Record set:
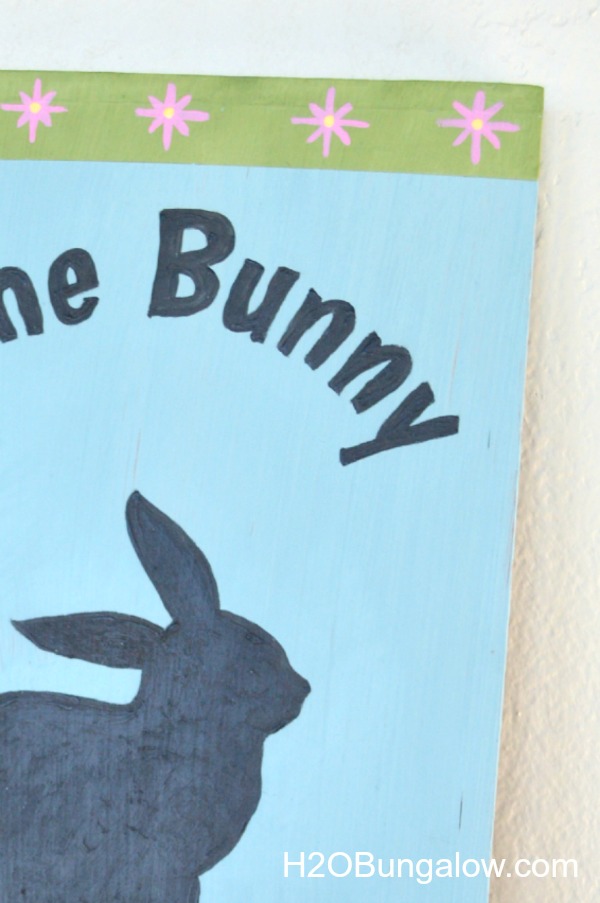 Flower detail on some bunny loves you sign by H2Obunaglow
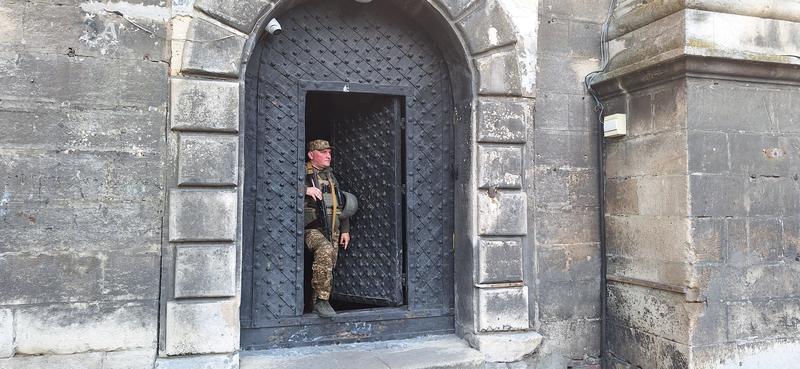 Un soldat păzește biserica Sfântul Andrei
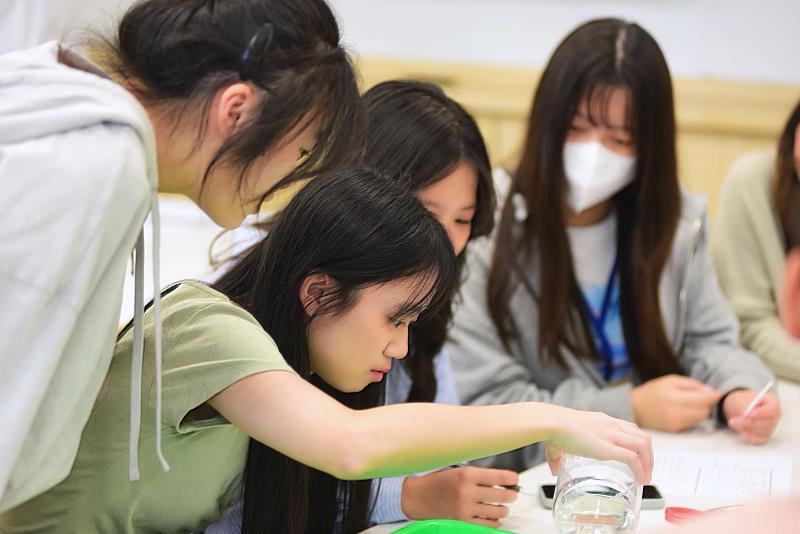 高中職學生體驗跨領域創意實作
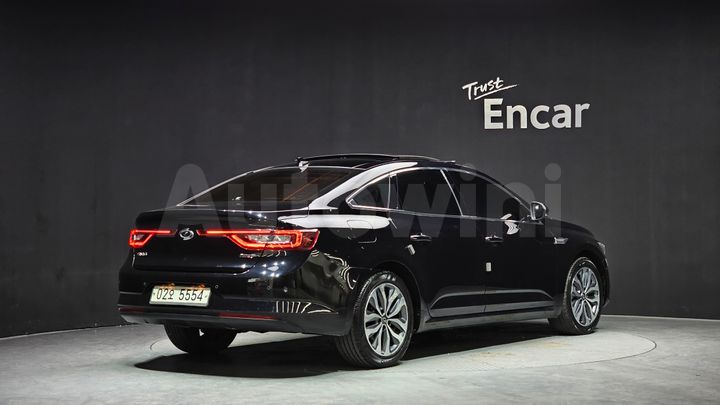 Renault SM6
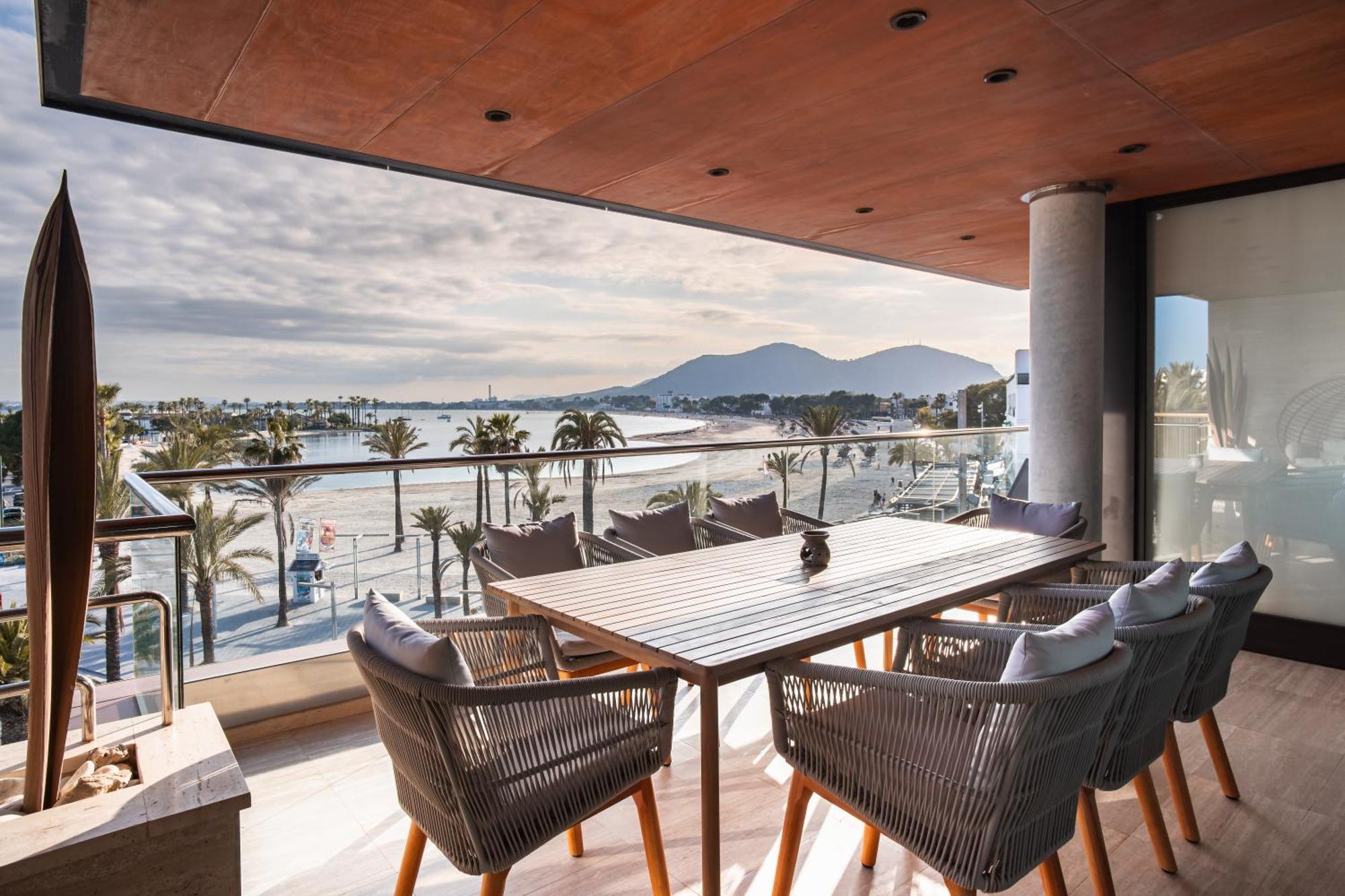 Luxury Sea View Apartment In Puerto De Alcudia Bagian luar foto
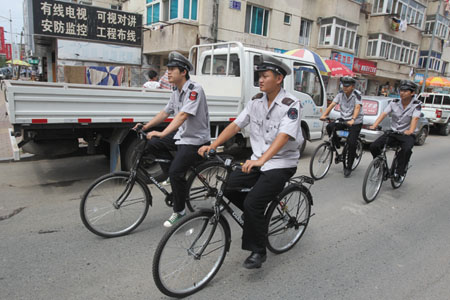 城管騎車(chē)執(zhí)法 百姓覺(jué)著挺親
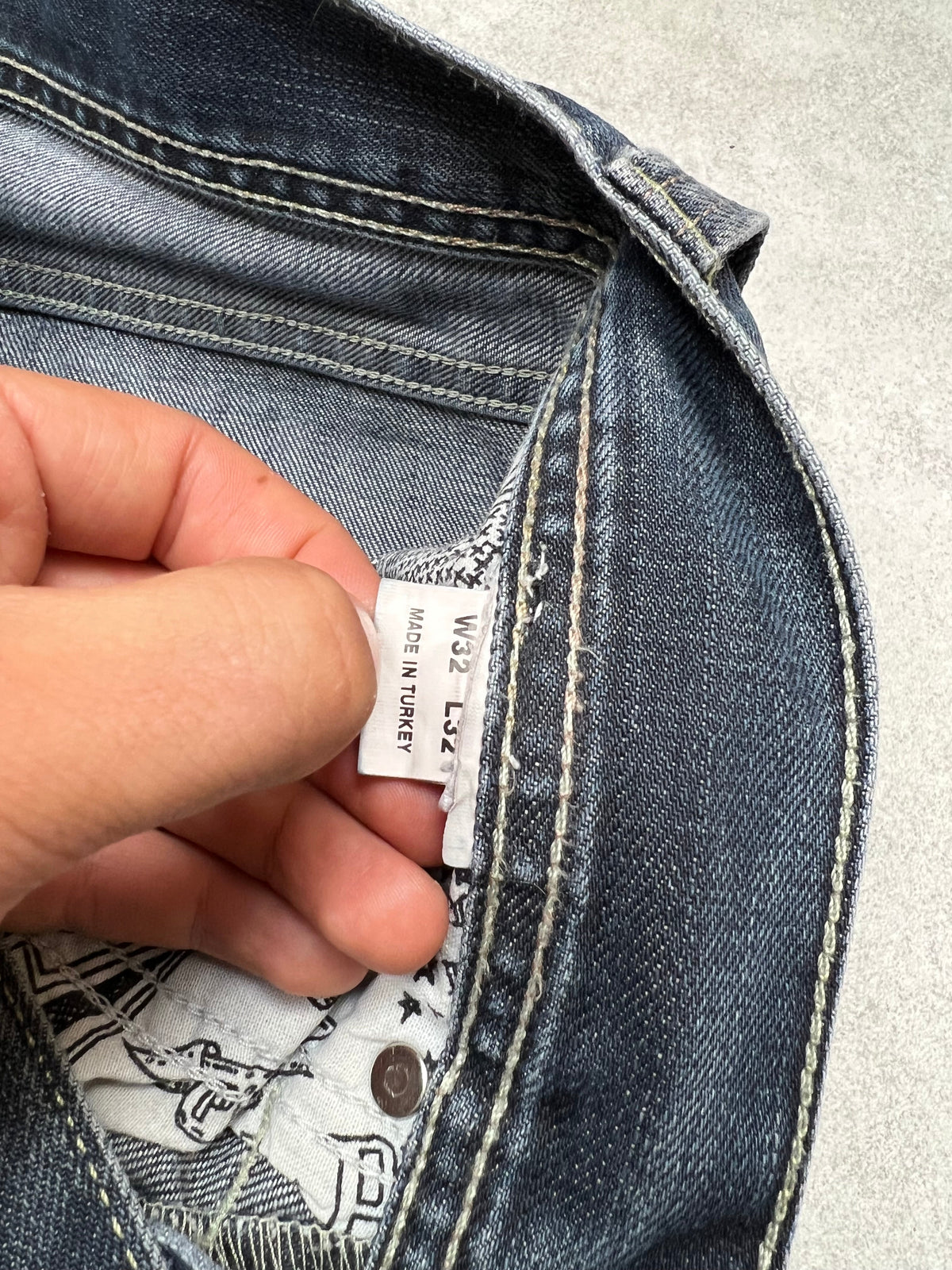 Evisu x PUMA jeans, size 32x32, pre-owned 9/10 condition – Relique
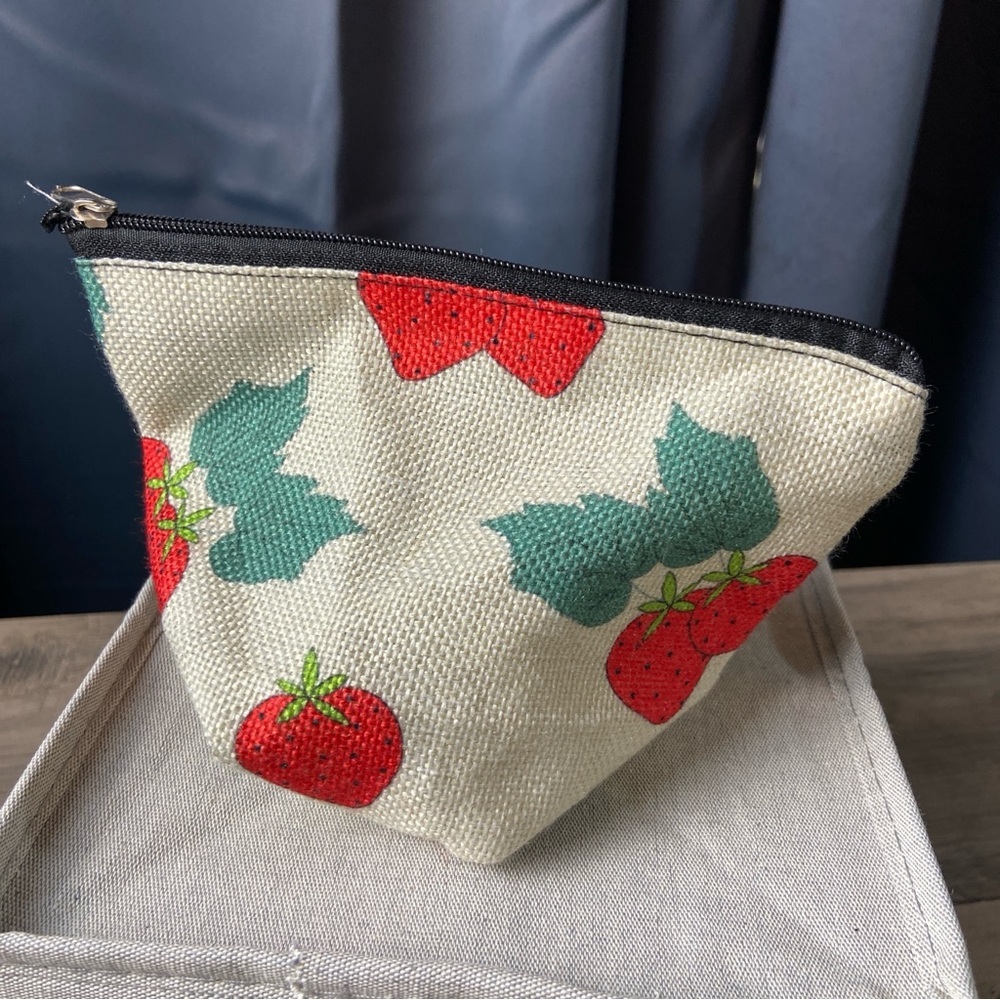 Strawberry Print Cream‎ Pouch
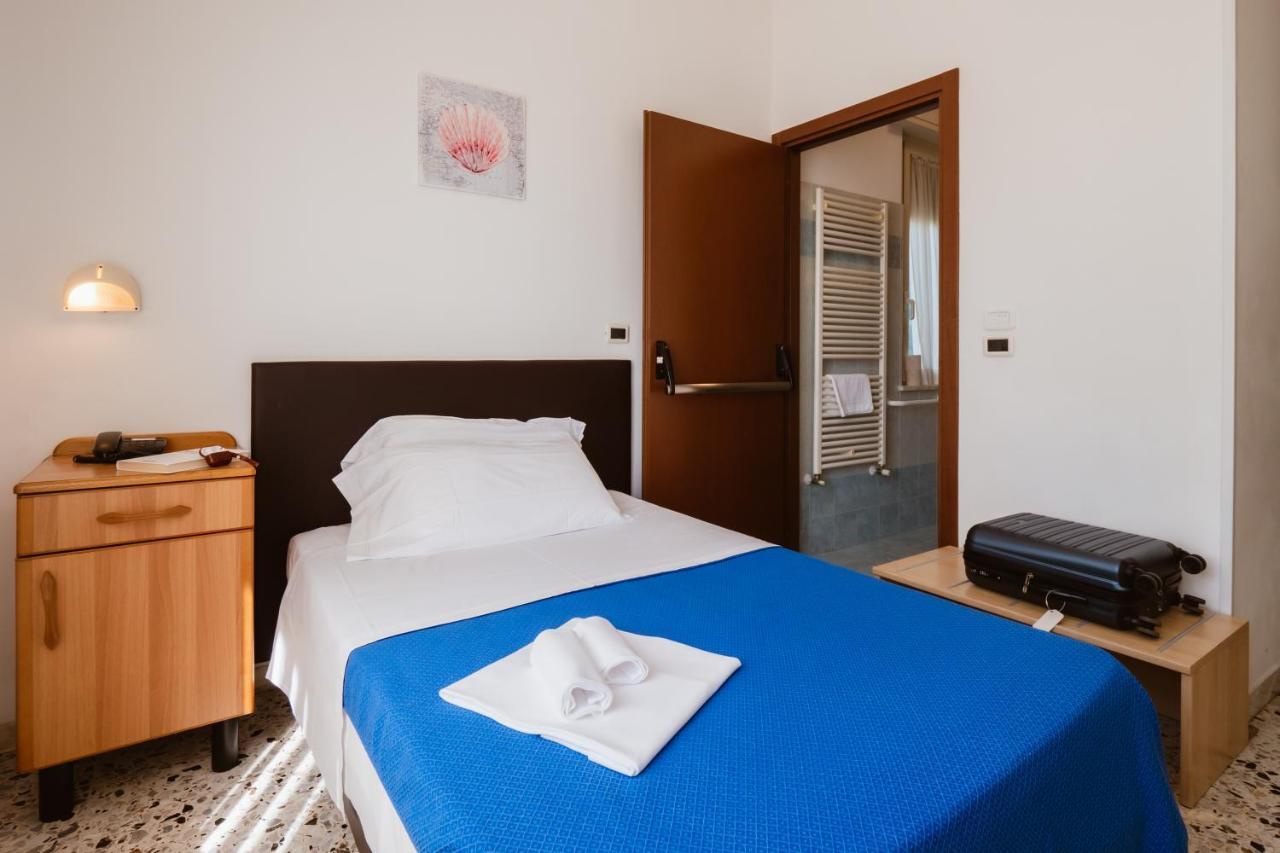 Hotel Villa Del Mare Сенигалия Екстериор снимка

What you should do: The copy must match the listing above exactly but contain no pictures.

Answer section:
 Flower detail on some bunny loves you sign by H2Obunaglow
 Un soldat păzește biserica Sfântul Andrei
 高中職學生體驗跨領域創意實作
 Renault SM6
 Luxury Sea View Apartment In Puerto De Alcudia Bagian luar foto
 城管騎車(chē)執(zhí)法 百姓覺(jué)著挺親
 Evisu x PUMA jeans, size 32x32, pre-owned 9/10 condition – Relique
 Strawberry Print Cream‎ Pouch
 Hotel Villa Del Mare Сенигалия Екстериор снимка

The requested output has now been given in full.